◆ **What you are asked to do**
Copy out every record below with complete accuracy.

◆ **Data under study**

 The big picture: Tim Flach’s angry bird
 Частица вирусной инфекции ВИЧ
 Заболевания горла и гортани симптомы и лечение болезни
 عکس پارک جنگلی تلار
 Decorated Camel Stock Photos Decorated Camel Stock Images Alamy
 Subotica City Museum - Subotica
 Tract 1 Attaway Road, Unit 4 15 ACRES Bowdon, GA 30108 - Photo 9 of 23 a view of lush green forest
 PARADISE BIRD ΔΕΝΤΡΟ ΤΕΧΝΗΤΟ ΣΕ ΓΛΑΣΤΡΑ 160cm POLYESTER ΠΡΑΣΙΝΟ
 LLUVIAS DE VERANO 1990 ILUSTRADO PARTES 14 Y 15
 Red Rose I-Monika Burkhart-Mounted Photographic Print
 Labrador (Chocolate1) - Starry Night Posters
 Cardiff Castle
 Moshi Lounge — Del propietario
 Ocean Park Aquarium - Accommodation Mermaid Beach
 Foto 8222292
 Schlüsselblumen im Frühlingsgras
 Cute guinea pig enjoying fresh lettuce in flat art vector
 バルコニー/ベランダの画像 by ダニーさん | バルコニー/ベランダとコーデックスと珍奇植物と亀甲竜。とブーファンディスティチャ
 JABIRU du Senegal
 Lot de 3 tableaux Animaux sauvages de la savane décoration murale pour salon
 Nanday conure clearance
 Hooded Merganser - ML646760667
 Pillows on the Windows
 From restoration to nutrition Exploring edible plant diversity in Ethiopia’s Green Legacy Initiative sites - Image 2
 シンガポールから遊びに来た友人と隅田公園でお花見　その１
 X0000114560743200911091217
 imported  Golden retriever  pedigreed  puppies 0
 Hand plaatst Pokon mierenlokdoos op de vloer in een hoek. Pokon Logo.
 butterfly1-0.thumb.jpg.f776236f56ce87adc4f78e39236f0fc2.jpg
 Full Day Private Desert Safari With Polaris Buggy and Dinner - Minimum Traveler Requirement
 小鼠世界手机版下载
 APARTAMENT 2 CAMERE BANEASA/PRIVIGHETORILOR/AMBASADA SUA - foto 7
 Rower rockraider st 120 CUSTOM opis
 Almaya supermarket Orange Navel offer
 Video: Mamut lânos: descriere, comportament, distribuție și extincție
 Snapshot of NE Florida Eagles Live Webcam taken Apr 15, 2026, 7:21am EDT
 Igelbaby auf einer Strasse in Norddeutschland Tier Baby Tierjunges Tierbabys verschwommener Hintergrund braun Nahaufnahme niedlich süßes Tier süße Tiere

◆ **Answer space**
 The big picture: Tim Flach’s angry bird
 Частица вирусной инфекции ВИЧ
 Заболевания горла и гортани симптомы и лечение болезни
 عکس پارک جنگلی تلار
 Decorated Camel Stock Photos Decorated Camel Stock Images Alamy
 Subotica City Museum - Subotica
 Tract 1 Attaway Road, Unit 4 15 ACRES Bowdon, GA 30108 - Photo 9 of 23 a view of lush green forest
 PARADISE BIRD ΔΕΝΤΡΟ ΤΕΧΝΗΤΟ ΣΕ ΓΛΑΣΤΡΑ 160cm POLYESTER ΠΡΑΣΙΝΟ
 LLUVIAS DE VERANO 1990 ILUSTRADO PARTES 14 Y 15
 Red Rose I-Monika Burkhart-Mounted Photographic Print
 Labrador (Chocolate1) - Starry Night Posters
 Cardiff Castle
 Moshi Lounge — Del propietario
 Ocean Park Aquarium - Accommodation Mermaid Beach
 Foto 8222292
 Schlüsselblumen im Frühlingsgras
 Cute guinea pig enjoying fresh lettuce in flat art vector
 バルコニー/ベランダの画像 by ダニーさん | バルコニー/ベランダとコーデックスと珍奇植物と亀甲竜。とブーファンディスティチャ
 JABIRU du Senegal
 Lot de 3 tableaux Animaux sauvages de la savane décoration murale pour salon
 Nanday conure clearance
 Hooded Merganser - ML646760667
 Pillows on the Windows
 From restoration to nutrition Exploring edible plant diversity in Ethiopia’s Green Legacy Initiative sites - Image 2
 シンガポールから遊びに来た友人と隅田公園でお花見　その１
 X0000114560743200911091217
 imported  Golden retriever  pedigreed  puppies 0
 Hand plaatst Pokon mierenlokdoos op de vloer in een hoek. Pokon Logo.
 butterfly1-0.thumb.jpg.f776236f56ce87adc4f78e39236f0fc2.jpg
 Full Day Private Desert Safari With Polaris Buggy and Dinner - Minimum Traveler Requirement
 小鼠世界手机版下载
 APARTAMENT 2 CAMERE BANEASA/PRIVIGHETORILOR/AMBASADA SUA - foto 7
 Rower rockraider st 120 CUSTOM opis
 Almaya supermarket Orange Navel offer
 Video: Mamut lânos: descriere, comportament, distribuție și extincție
 Snapshot of NE Florida Eagles Live Webcam taken Apr 15, 2026, 7:21am EDT
 Igelbaby auf einer Strasse in Norddeutschland Tier Baby Tierjunges Tierbabys verschwommener Hintergrund braun Nahaufnahme niedlich süßes Tier süße Tiere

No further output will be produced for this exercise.